Tail risks for pension funds, such as the COVID-19 crisis, are much more likely to occur than schemes’ current risk assumptions indicate, a new risk model has suggested.
The model – developed by Wilse Graveland and Frank van der Ploeg of Kempen, and Casper de Vries, professor of monetary economics at Rotterdam’s Erasmus University – showed that extreme events happen five to 10 times more frequently than thought.
The developers said their new model helps pension fund boards avoid sudden and fundamental investment decisions by providing insight into financial markets and coverage ratios.
Van der Ploeg, fiduciary manager at Kempen, said COVID-19 turns out to be a tail risk that has completely surprised financial markets, as it was the case with the financial crisis in 2008.

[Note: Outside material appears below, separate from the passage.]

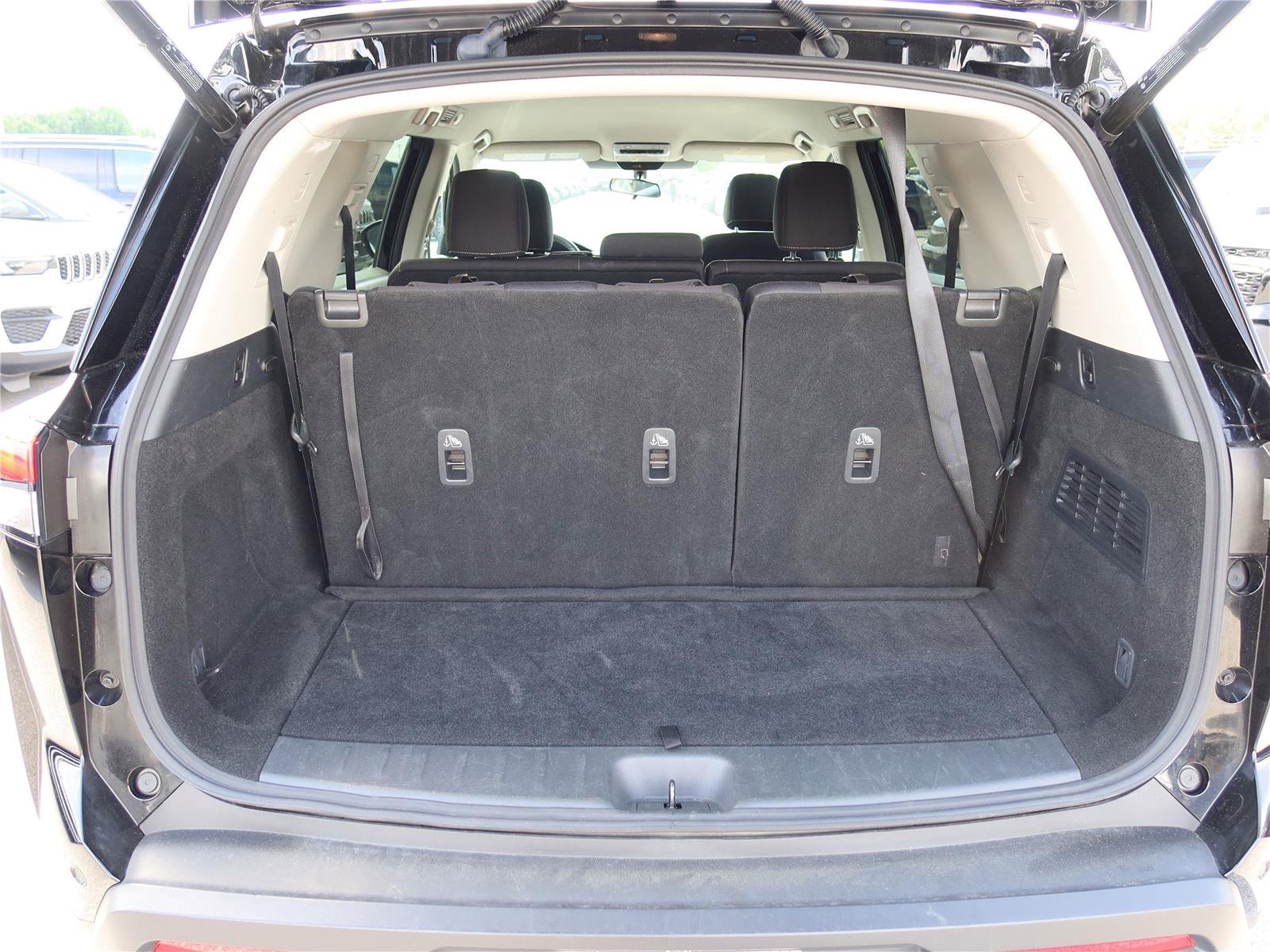 Used 2025 Super Black Nissan SV image 5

“The US travel for Europeans hit markets and interest rates for a second time. Pension funds’ models for asset-liability management studies and feasibility checks underestimate the risk of such a double whammy,” he pointed out.

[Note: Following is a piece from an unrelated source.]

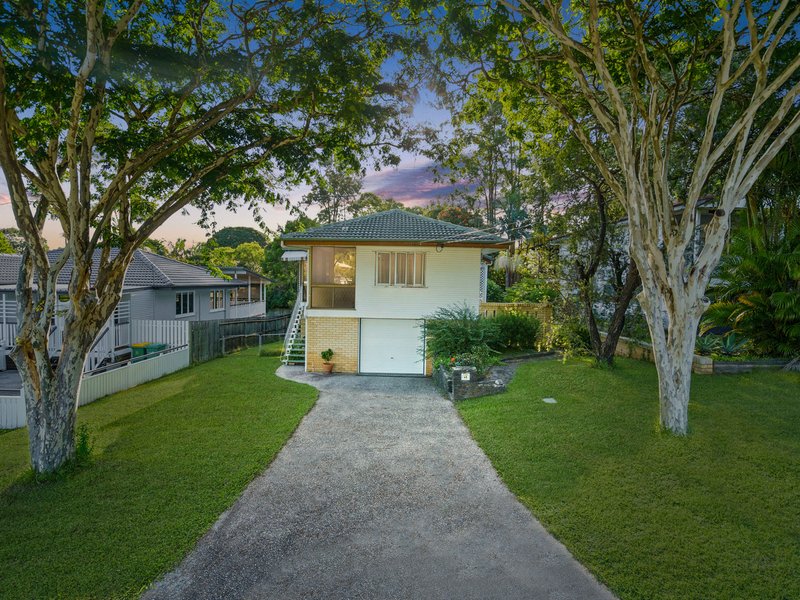 40 Illawarra Street, Everton Hills QLD 4053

“Current models usually estimate the chance of a 10% equity decline within a month at less than 1%. They consider the possibility of another 5% hit at 0.01%, while the chance of an additional drop of 20% is estimated at nil,” argued Van der Ploeg.
Graveland, Kempen’s head of institutional business, said the chance of extreme scenarios in many risk models had even declined in the past years.
He attributed this development to limited volatility, as equity markets and interest rates predominantly rose since 2008.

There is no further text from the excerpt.